WASHINGTON , Feb. 28, 2016 – There comes a time when an individual, a group, a military outfit or even a nation must make a stand for the cause, whatever that cause might be.
Senate Republicans are known for caving in. Principles are not a part of their foundation. Compromising is their bread and butter. They are not known for standing tall for their cause in the face of adversity.
Yet in the 1860s, the Republican Party made a moral stand. The party pressed reluctant congressional members to abolish slavery in America. They ensured that black s were afforded the right to become full citizens and were able to own property. They also saw to it that blacks were afforded the right to vote.
To a man, republicans stood their ground against racist Democrats who fought every civil rights bill that was ever brought before Congress. They also stood up to moderates within their own political party. And they prevailed. Black America was liberated.
Perhaps the GOP could learn from the Greeks.
The famous Battle of Thermopylae was a fierce battle between the defending Greek city-states (led by Athenian general Themistocles, King Leonidas I of Sparta and Demophilus of Thespiae) and the attacking Persian army of Xerxes I of Persia (now Iran).
The total number of Greek forces numbered from 5,200 to 11,200. The Persians fielded between 70,000 and 300,000. Although outnumbered, the Greek coalition stood their ground against the massive Persian army.
At the time of the threat, the Spartans, the most feared warriors of Greece, were enjoying a festival called Carneia, during which no armed battles were allowed. King Leonidas of Sparta, wanting to keep his promise to the Greek coalition, could only take his personal bodyguard of 300 men, who were not subject to the decisions of the council, to ward off the advancing Persians.
Once they were ready for battle, the Greeks positioned themselves in front of the Phocians’ defensive wall and formed the Greek phalanx, an impenetrable wall of men that rotated continuously so those out of the battle would be brought in and out, keeping the Greeks from tiring.

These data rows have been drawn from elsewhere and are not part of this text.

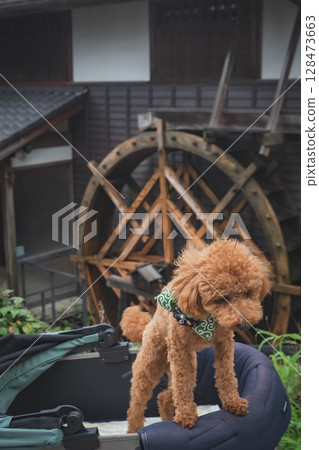 在馬籠宿漫步 128473663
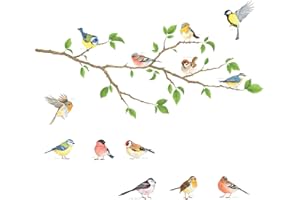 DECOWALL DA-1804 Ptaki ogrodowe na gałęzi drzewa Naklejki ścienne dla dzieci Naklejki ścienne Peel and Stick Zdejmowane naklejki ścienne dla dzieci Przedszkole Sypialnia Salon
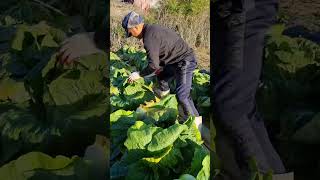 [ 농부_Vlog ] 텃밭 김장 배추 수확!!!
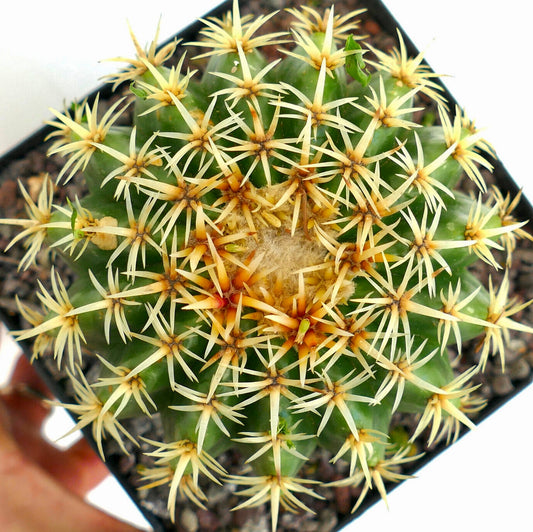 Echinocactus grusonii var. intermedius grønn kaktus med tette gule torner og ullent senter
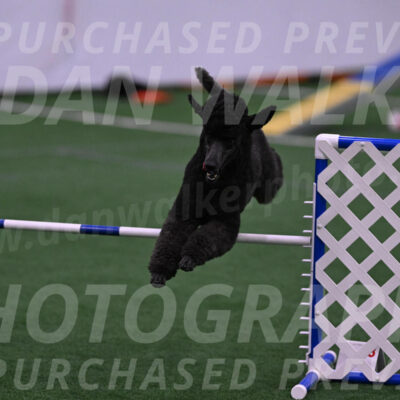 Finn-Madison-Canton-05493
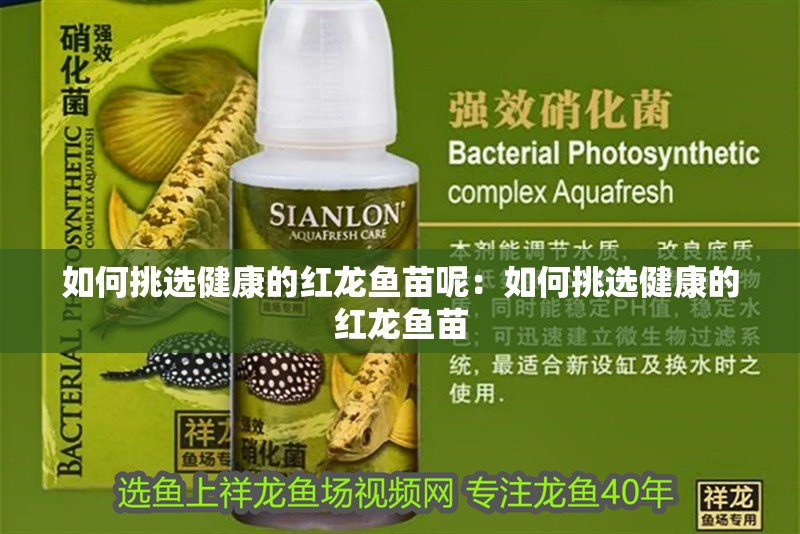 如何挑選健康的紅龍魚苗呢：如何挑選健康的紅龍魚苗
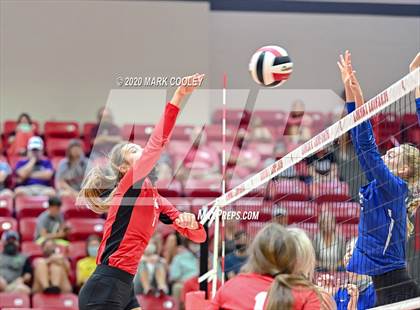 Thumbnail 1 in Robinson @ Lorena photogallery.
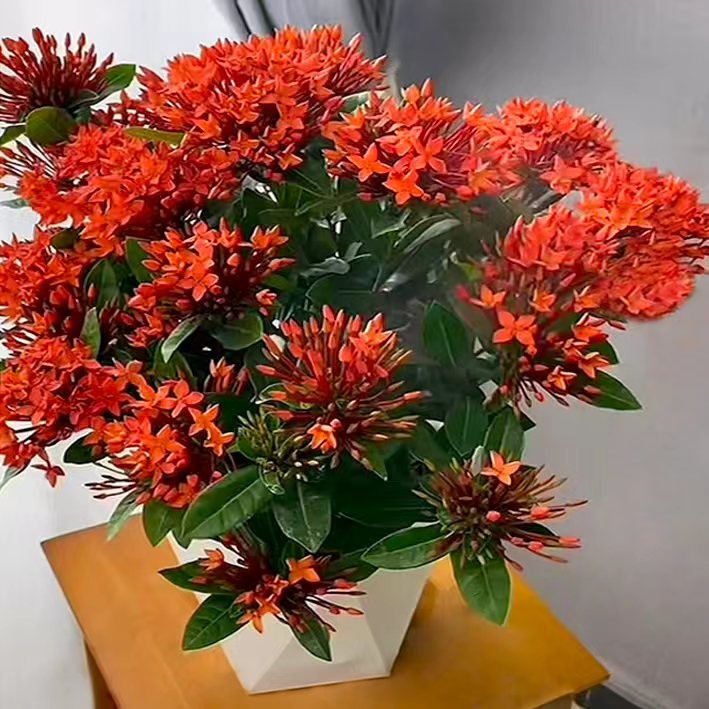 【带花苞】龙船花绣球花绿植花苗四季开花盆栽庭院阳台植物花卉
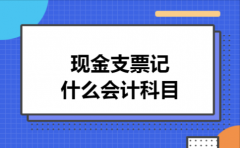 现金支票记什么会计科目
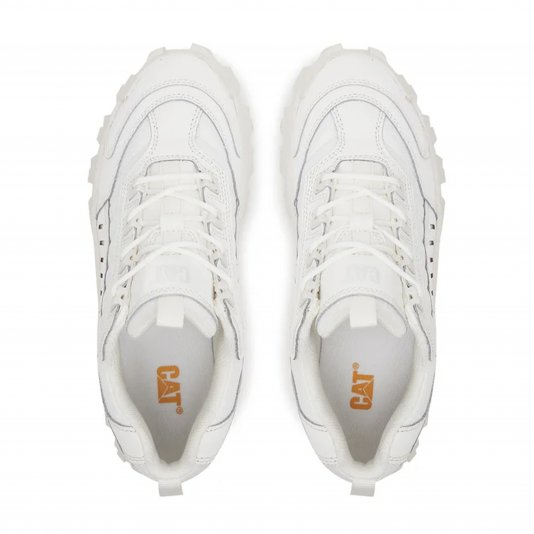 Intruder White
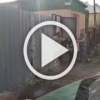 В Белово зоозащитники вступили в конфликт с отловом собак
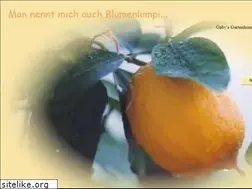 Sites similar to gabyrottmann.de
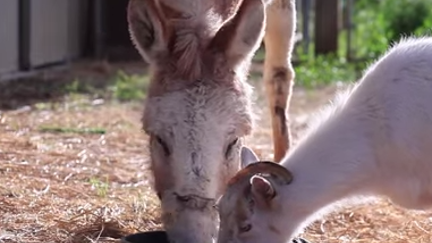 Everyone needs a Donkey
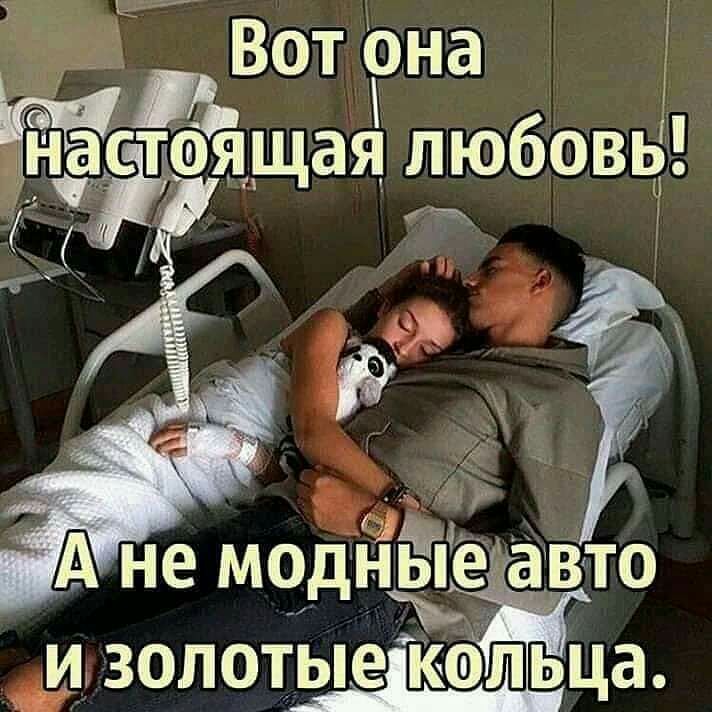 Ь И ЗОЛОТЫЕ КФЛЬЦЭ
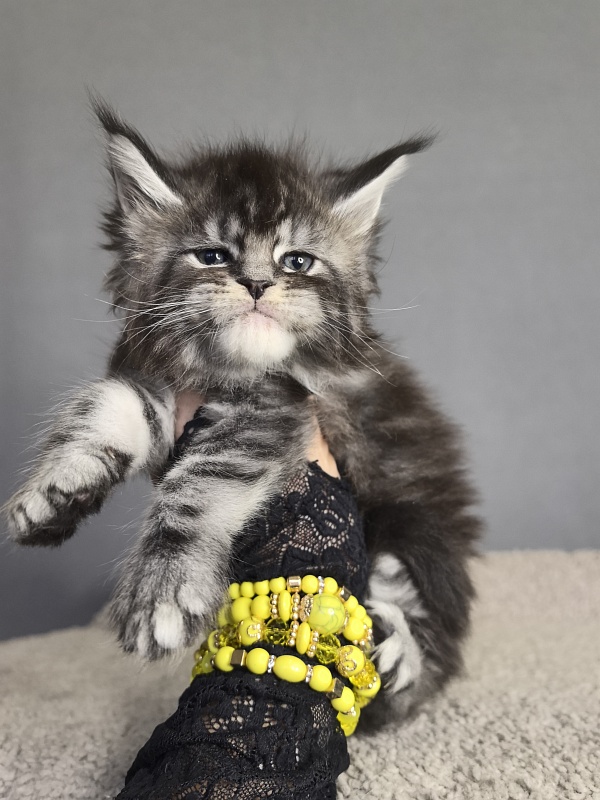 Queen Tesla Akbars - Kitten maine-coon 3 weeks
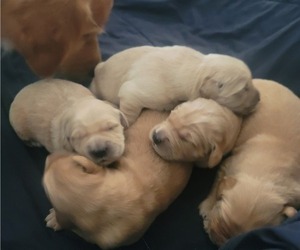 Golden Retriever Puppy for sale in ROCKFORD, MI, USA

King Xerxes watched in horror as the Greeks demolished his army without losing many of their own men. Frustrated, he ordered in his elite troops, known as the Immortals, to do battle with the Spartans and their allies. The results were the same. They were slaughtered.
In the end, the Greeks were betrayed by a Greek named Ephialtes, who went to Xerxes hoping for a reward by telling Xerxes about a goat trail in the mountains that would take the Persians around and behind the Greeks.
Knowing they had been betrayed, the Greeks held council. The majority of the Greek forces were released to form a more defensive position several miles behind the frontlines.
Left to fight the Persians were what remained of the 300 Spartans, 400 Thebans and 700 Thespians. Surrounded and outnumbered, the Greeks stood their ground and fought to the death.
The Greeks did not cut and run or make deals. They stood for their cause.
If that history lesson was too old for the Senate Republicans, they can study Gen. Custer and his infamous last stand. They can look to World War II’s Battle of the Bulge, in which 80,000 American G.I.s were killed, captured or wounded, more than in any battle in U.S. history, by 250,000 advancing Germans.
In each of these examples, men were willing to risk everything, even their lives, for the cause they believed in.
The question now is whether Senate Republicans are willing to make the same stand for their cause.
The sudden passing of Supreme Court Justice Antonin Scalia, an unwavering stalwart of conservative principles, has unleashed a desperate battle. The battle is between conservatives and liberals over the very future of the Supreme Court and the country.
The current president has signaled his intent to name a replacement for Justice Scalia before he leaves office. He is likely to select a left-leaning ideologue who will continue his progressive policies for generations after he leaves office.
If he is successful, should the Senate Republicans cave in, America as we know it would cease to exist.
Two barriers could stop this outcome: The Senate Republicans and the American public. No one is asking Senate Republicans to sacrifice their lives. Conservatives just want them to stand up to this president and stand up for their country.
If ever there was a time in our history for its leaders to stand their ground, it is now.
We have a president who is conducting state affairs as if he has been declared dictator for life. He is allowing illegal aliens to enter this country and implementing lax refugee policies that open the possibility of jihadists posing as refugees to enter our borders.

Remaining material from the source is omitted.